CARBON SHIFT: HOW THE TWIN CRISES OF OIL DEPLETION AND CLIMATE CHANGE WILL DEFINE THE FUTURE
Ed. by Thomas Homer-Dixon with Nick Garrison

At the beginning of the twenty-first century there are two related challenges facing human civilization. One is an energy or economic challenge: As the global economy continues to grow and consume more energy, will we feel the pinch as we start to run out of our staple non-renewable fossil fuels? The other is environmental: How can we safely continue to burn these traditional fuels given the effect they have on the planet’s climate? These twin crises share a common nexus: the “carbon problem.” It is carbon-based fossil fuels that are running out, and carbon dioxide discharged into the atmosphere that drives climate change. Hence the need to find a new, cleaner energy source for a “carbon shift.”
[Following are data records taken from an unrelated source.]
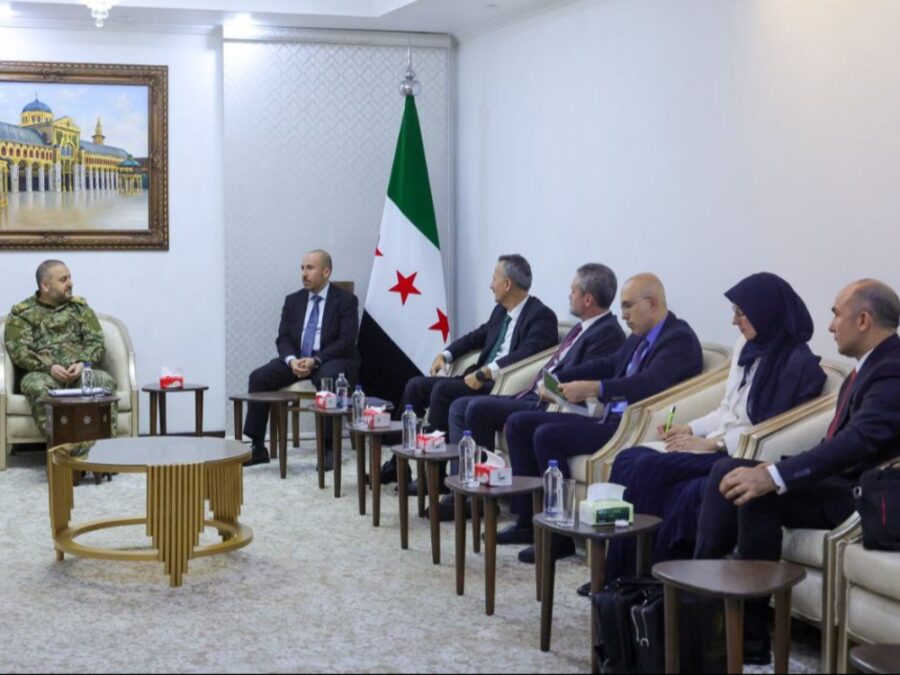 وزير الدفاع يبحث مع وفد تركي سبل دعم الصناعات الدفاعية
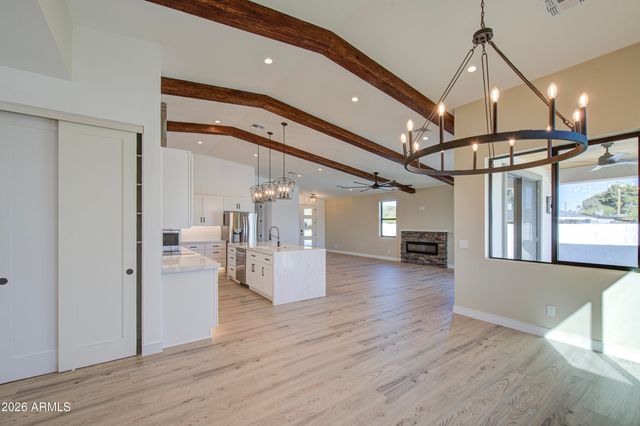 2645 E FAIRMOUNT Avenue, Phoenix, AZ 85016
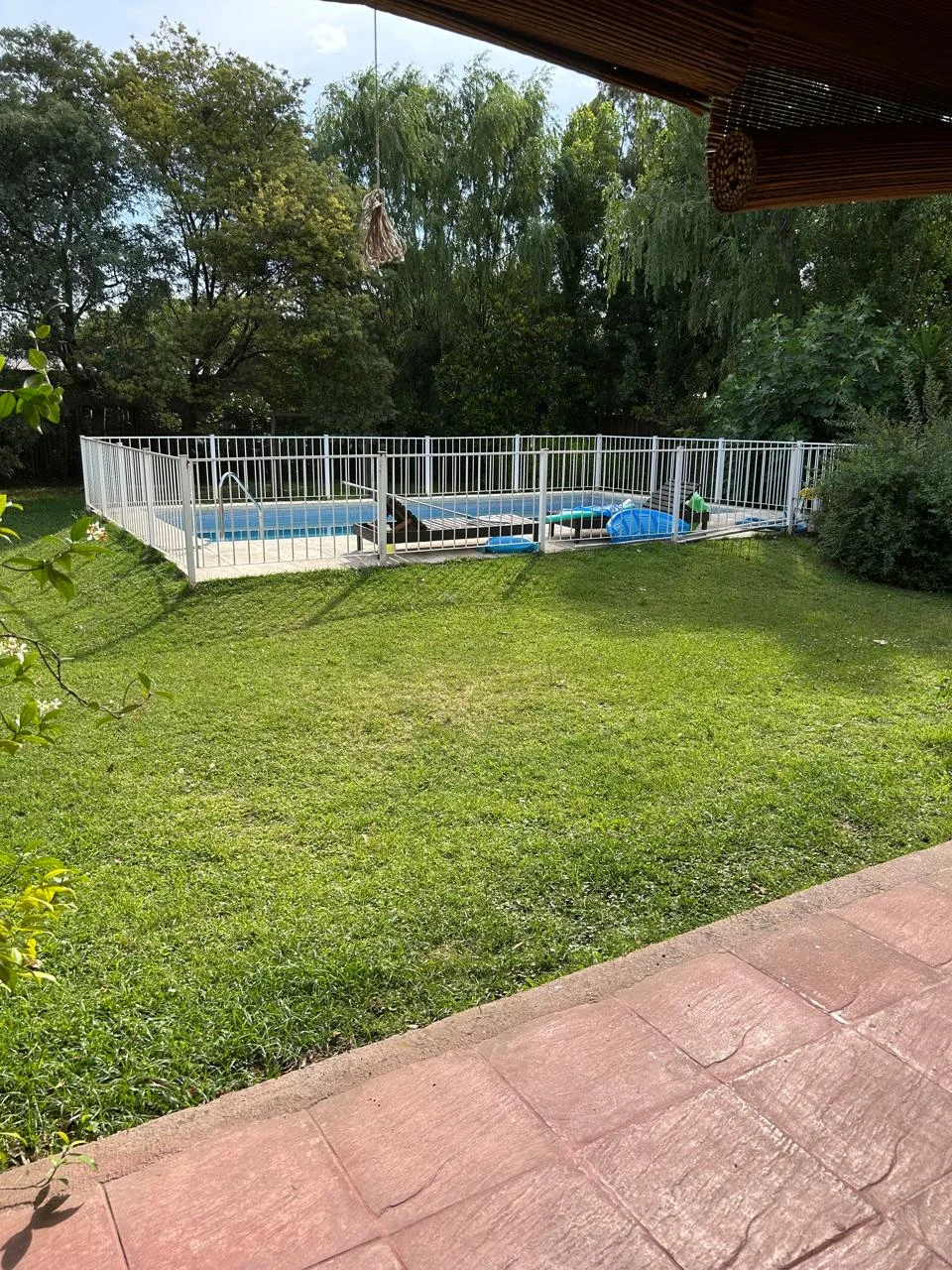 EN VENTA, CASA SOBRE CALLE LA CUMPARCITA N°1585
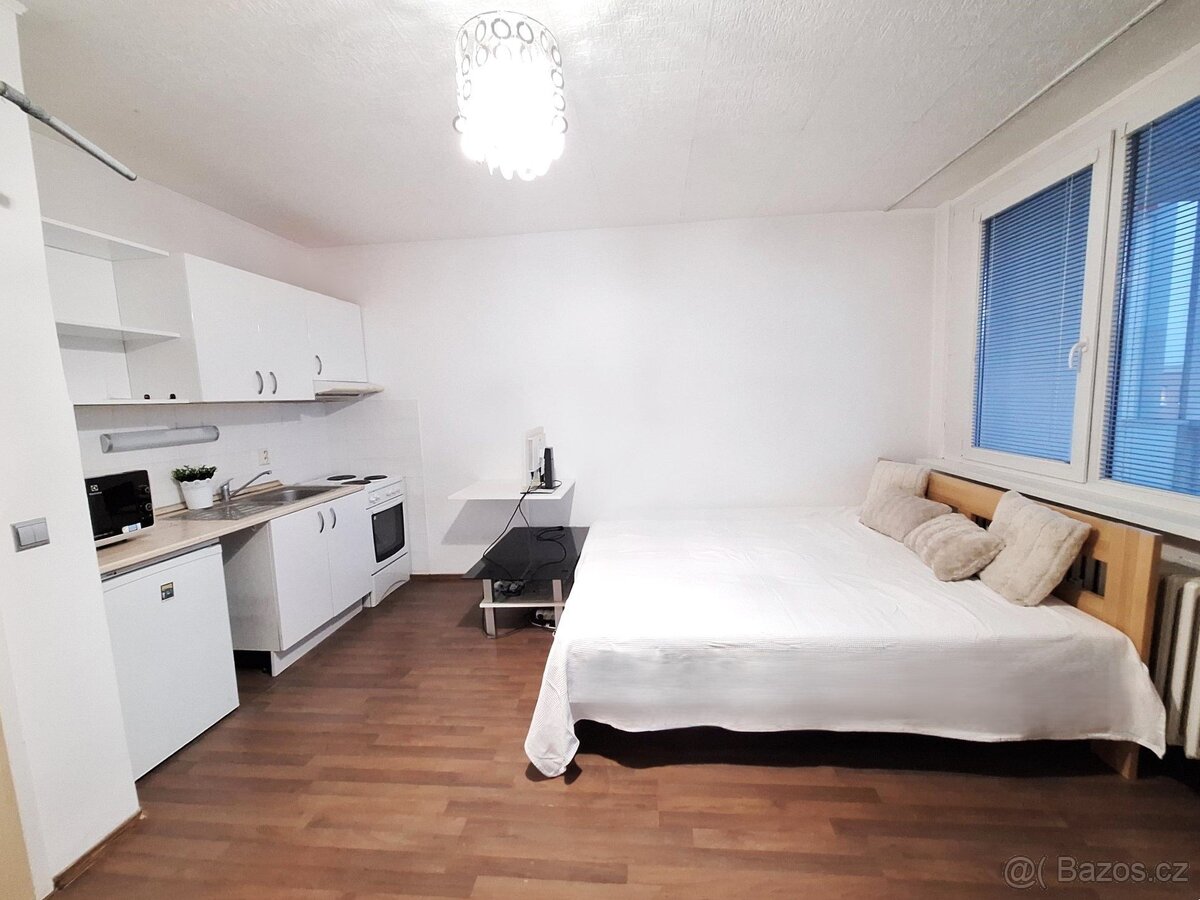 Prodej bytu 1+kk 33 m², Brno - Bohunice, ev.č. 40115 - 3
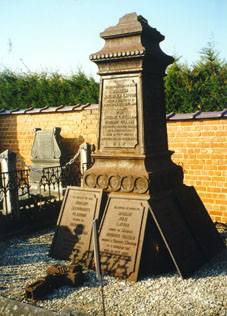 tombe des Latour en 2000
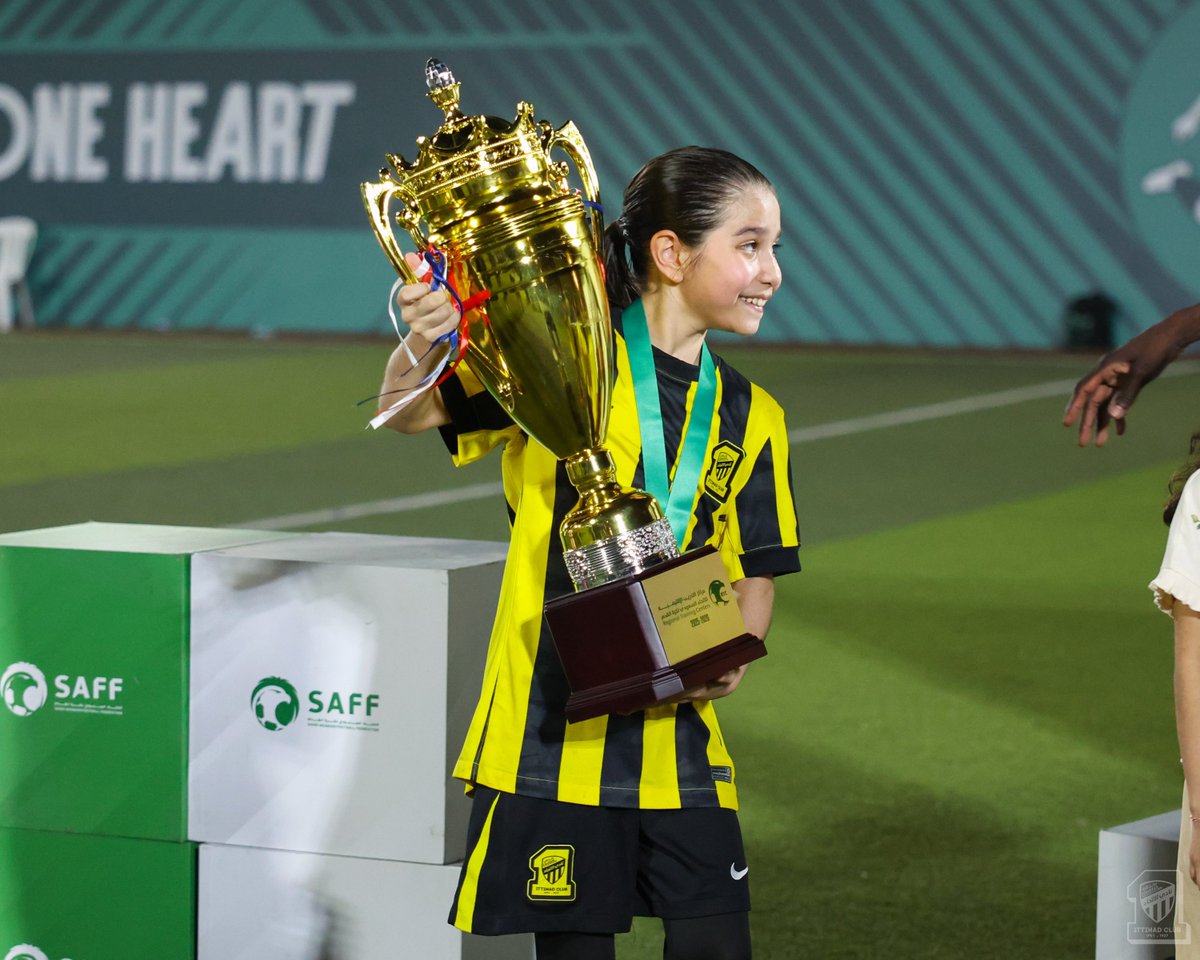 ittiladiesclub's tweet photo. زهرات العميد لفئة U11 يعانقن الذهب ويحققن بطولة المركز الإقليمي بجدة 🏆🤩 https://t.co/LLRbniiLaT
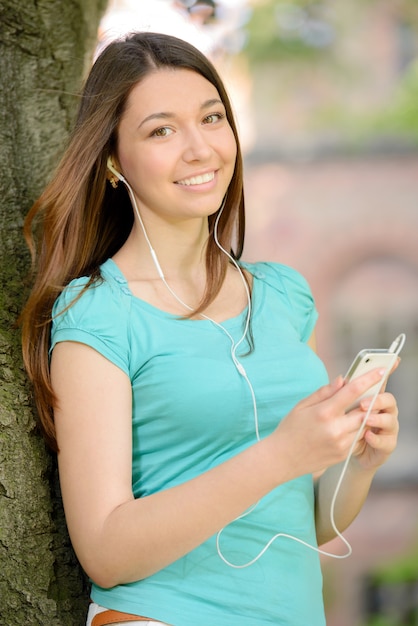 Mulher bonita em fones de ouvido, ouvindo a música.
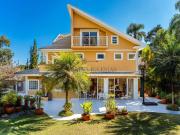 Casa / Sobrado em Condomínio para Venda em Curitiba/PR...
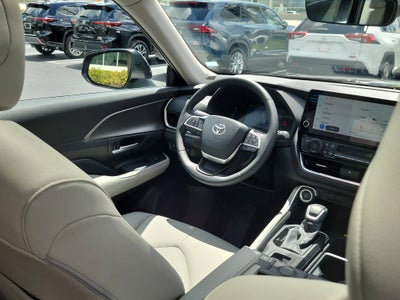 2026 Toyota Highlander Platinum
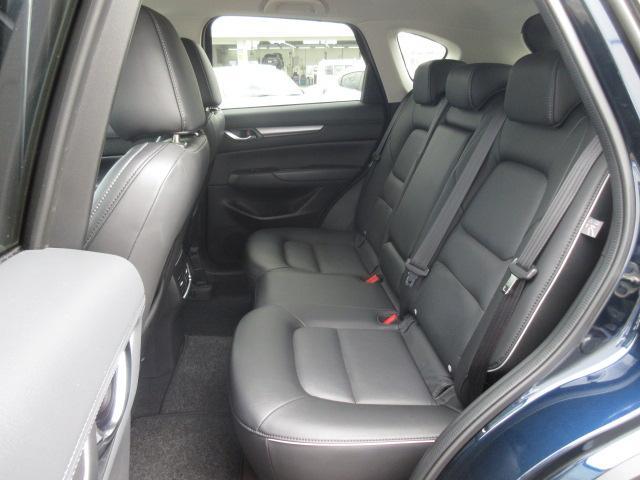 ＣＸ－５ ２０Ｓ　フィールドジャーニー　衝突被害軽減システム　アダプティブクルーズコントロール　全周囲カメラ　オートマチックハイビーム　４ＷＤ　電動シート　シートヒーター　ナビ　バックカメラ　オートライト　ＬＥＤヘッドランプ　ＥＴＣ（16枚目）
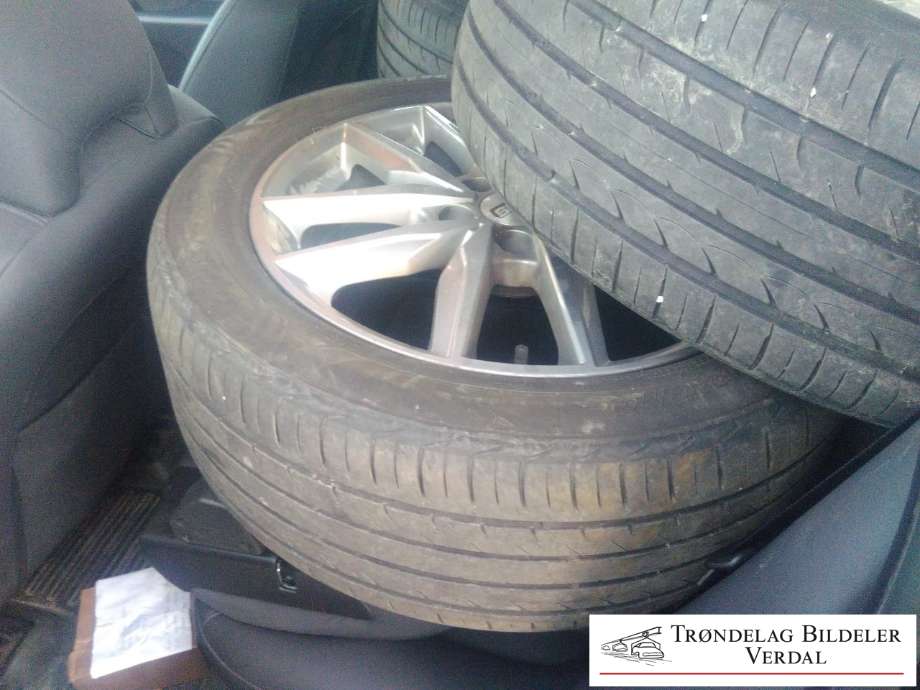 Volvo V70 2007-2013 (Type III, Fase 1) , Motorkode: D4204T, Girkassekode: M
The six essays presented here by various experts in the field don’t seek to solve this double bind, and are in fact short on specific solutions. Instead, the goal of the book is to see the issues involved “through the eyes of those who think about them rigorously.” The results are informative and the discussion stimulating, but the overall effect is mixed because those who think about these subjects rigorously are not at all in agreement. In the first essay, for example, David Keith argues that climate change is the greater threat to our civilization, with plenty of energy resources to keep us going for centuries. Next up, J. David Hughes flips this around and says that energy is the more urgent problem because in fact we are running out of cheap hydrocarbons. Keith sees coal-to-liquids technology as one solution to the problem; Hughes dismisses the same process as “a complete non-starter.” Hughes places a lot of emphasis on an analysis of declining Energy Return on Investment (EROI), but in the next essay, by Mark Jaccard, this calculation is challenged by using a different economic model. It’s hard to imagine working together on solutions when there is so little consensus about the exact nature of the problem.

As Keith has it, the twin carbon crises are characterized by states of high uncertainty and high inertia – the former represented by the mixed messages Carbon Shift delivers, and the latter exemplified by the dismal political response outlined in the final essay by Jeffrey Simpson. Able editors Thomas Homer-Dixon and Nick Garrison obviously don’t want to end on such a note, and attempt to provide some coherence to the different points of view as well as suggest a very general plan for action in their Conclusion. But while a case for radical change is made, the authors also admit that “logic alone isn’t going to cause us to act.” Things are going to have to get worse before they start getting better.